En consecuencia, las opciones para el presidente turco han quedado reducidas a dos escenarios: uno malo, y otro, peor. El escenario menos malo pasaría porque EEUU diese cuenta de los sistemas de antiaéreos en manos de Damasco; que la OTAN se prestase a disuadir a Rusia de amenazar a Turquía; y que Putin se contentase con imponer sanciones económicas severas contra Ankara, a la vez que incrementa el apoyo a los kurdos en Siria y a Haftar en Libia y establece complicidades con los Emiratos y con los saudíes. 

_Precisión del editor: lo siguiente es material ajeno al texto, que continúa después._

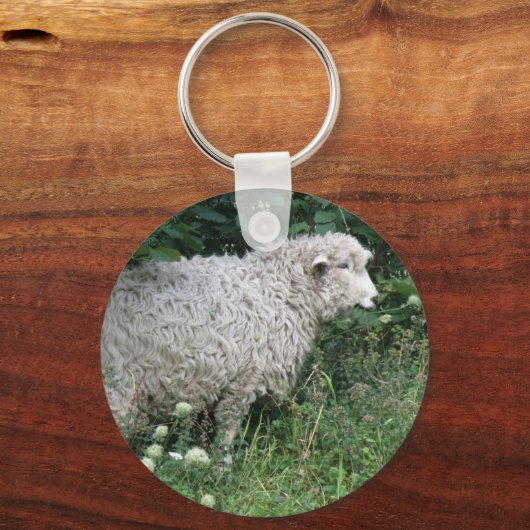 Cute Greedy Sheep Eating Sleutelhanger (Voorkant)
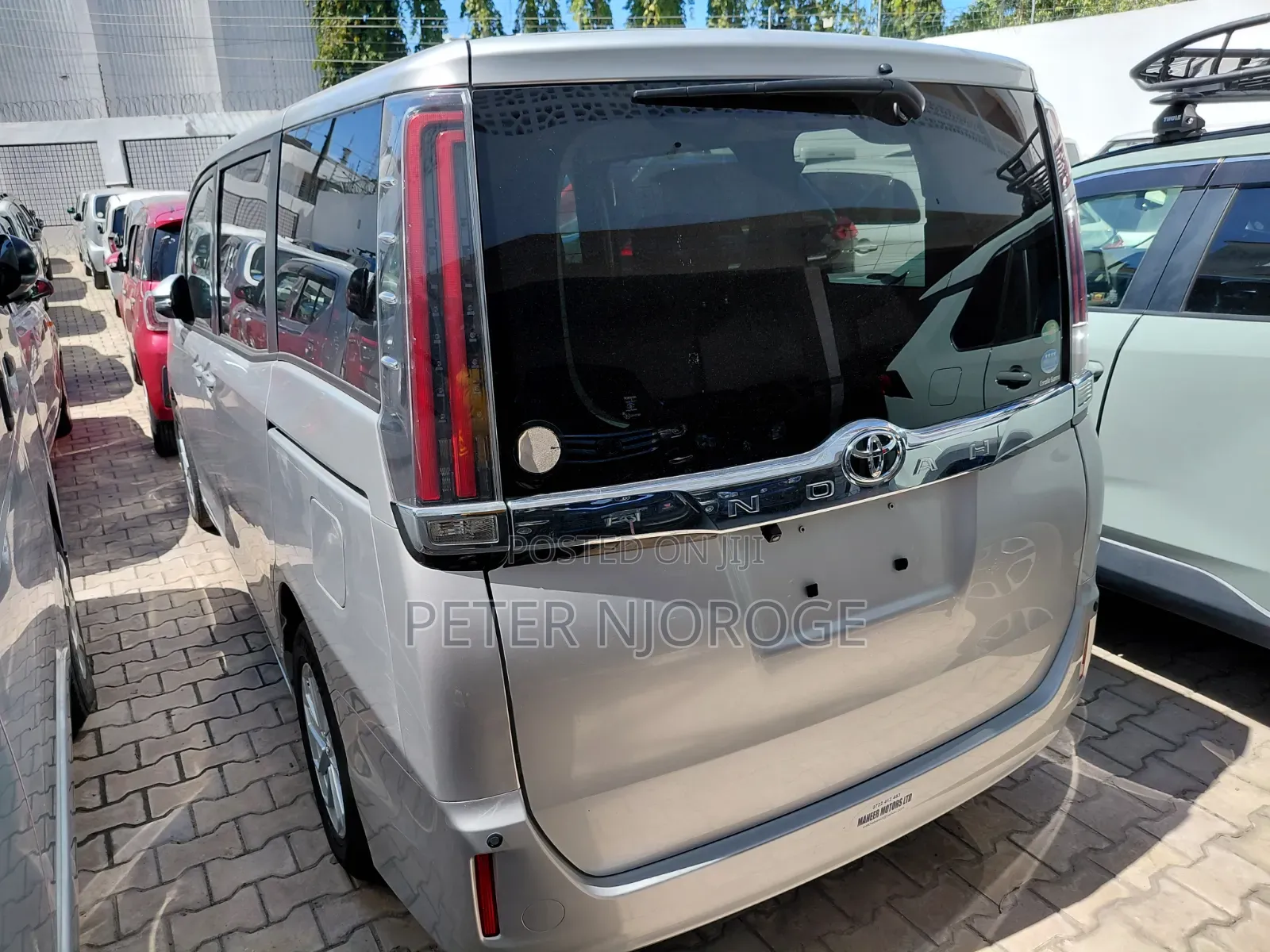Toyota Noah 2019 Silver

El peor de los escenarios para Erdogan conllevaría no recibir de EEUU más que soporte de inteligencia militar; que Putin y Al-Asad desbordasen la presencia militar turca en Siria; y que se configurase una especie de “franja de Gaza” en la frontera de Turquía con Siria, con el consiguiente influjo de refugiados sirios que postergaría indefinidamente cualquier opción de acercamiento de Ankara a Bruselas. 

En cualquier caso, hoy por hoy, la posibilidad de que Erdogan vea cumplidos sus principales objetivos en Siria es nula a todos los efectos; tanto derrocar al régimen de Al-Asad como establecerse como un agente clave en el futuro del país, según lo acordado en Sochi en septiembre de 2018, son ya metas inasibles para Turquía. La verdadera cuestión a dilucidar es el calendario y la forma que definirán la retracción del expansionismo neo-otomano; antes o después de que Siria y Libia se conviertan en una amenaza directa para la seguridad y la estabilidad nacional de Turquía, sin que exista ninguna evidencia de que la opinión pública turca tenga el menor apetito por entrar en una fase bélica que comportaría una leva considerable. 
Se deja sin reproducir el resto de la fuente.